しかし、イベルメクチンとベラパミルの併用投与を受けた動物の成熟配偶子の遺伝的品質については、懸念がある。Kahramanら(2002)は、妊娠不全の割合が高いことに関連する精子異常の上昇を観察した。
細胞遺伝学的研究により、イベルメクチンはMIIの精子細胞数を減少させることで減数分裂に部分的に影響を与えることが明らかになった。一方、イベルメクチンとベラパミルの併用療法は、MII期の精子細胞数を減少させ、生殖細胞に対してより強い影響を与えることがわかった。SPMとMIIでの構造的な染色体異常の増加、MIでのX-Y染色体の解離の頻度の増加は、成熟精子の遺伝的な質に注目させ、さらなる調査が必要である。

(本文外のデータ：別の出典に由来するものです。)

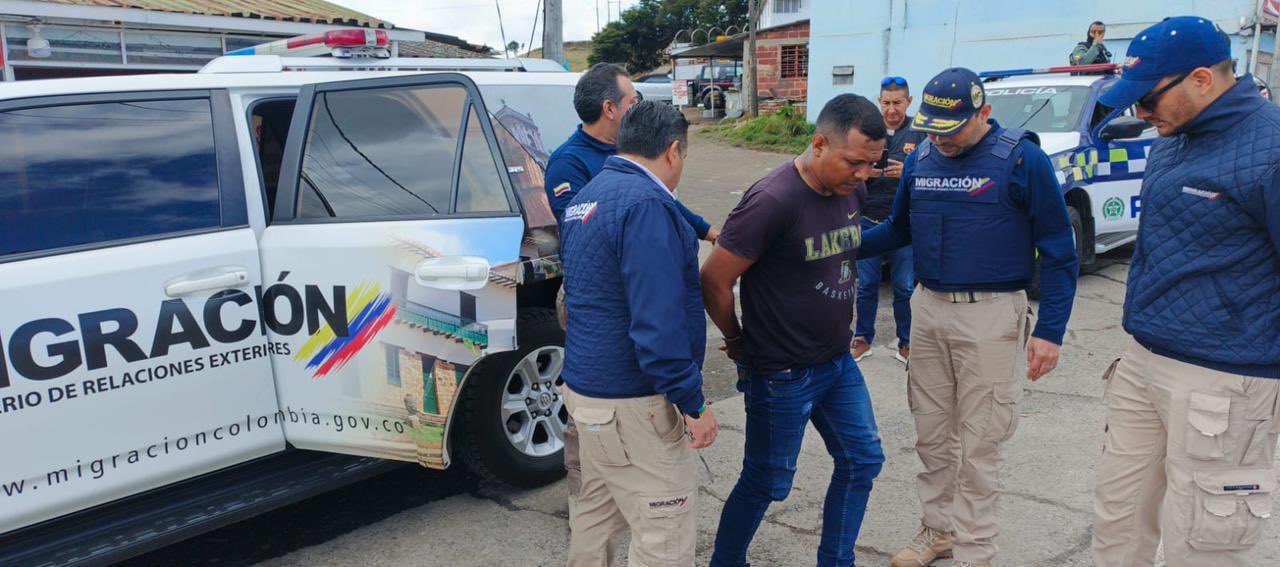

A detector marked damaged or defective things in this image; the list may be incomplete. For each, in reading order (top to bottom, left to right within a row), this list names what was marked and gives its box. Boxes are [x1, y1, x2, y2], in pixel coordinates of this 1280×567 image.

cracked asphalt [124, 129, 1274, 567]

イベルメクチンの毒性が低いのは、特にPgpの基質であるため、組織へのアクセスが制限されていることに起因している(Griffin et al., 2005;Xu et al., 1998)。Pgpは、血液脳関門、精巣、胎盤などの血液組織関門の完全性に関連しており、Pgpの部分的な遮断は、これらの関門の背後にある臓器における薬物率の増加の可能性を伴う生体内の新しい薬物分布の原因となり得る(グリフィン他 2005)。したがって、基質薬とPgp阻害薬の併用は、バイオアベイラビリティや臓器への取り込みの増加によって薬物動態を変化させ、有効性の向上や副作用や毒性の増加につながると考えられる。本研究では、Pgpを阻害するためにベラパミルを使用した(Ford and Hait, 1990)。多くの著者が、P糖タンパク質阻害剤、特にベラパミルがイベルメクチンの薬理学的特性を変化させる役割を論じている(Molento et al., 2004)。したがって、ベラパミルの投与により、イベルメクチンが血液-精巣間の障壁をより通過しやすくなり、細胞内への蓄積と保持が増加すると考えられる。この示唆は、ベラパミルで前処理した動物におけるイベルメクチンの毒性作用が、イベルメクチン単独と比較して顕著であったことを一部説明するものと考えられる。
私たちは、イベルメクチンは雄の生殖能力にわずかな影響を与えるが、ベラパミルと併用すると減数分裂と生殖能力に悪影響を及ぼすと結論付けた。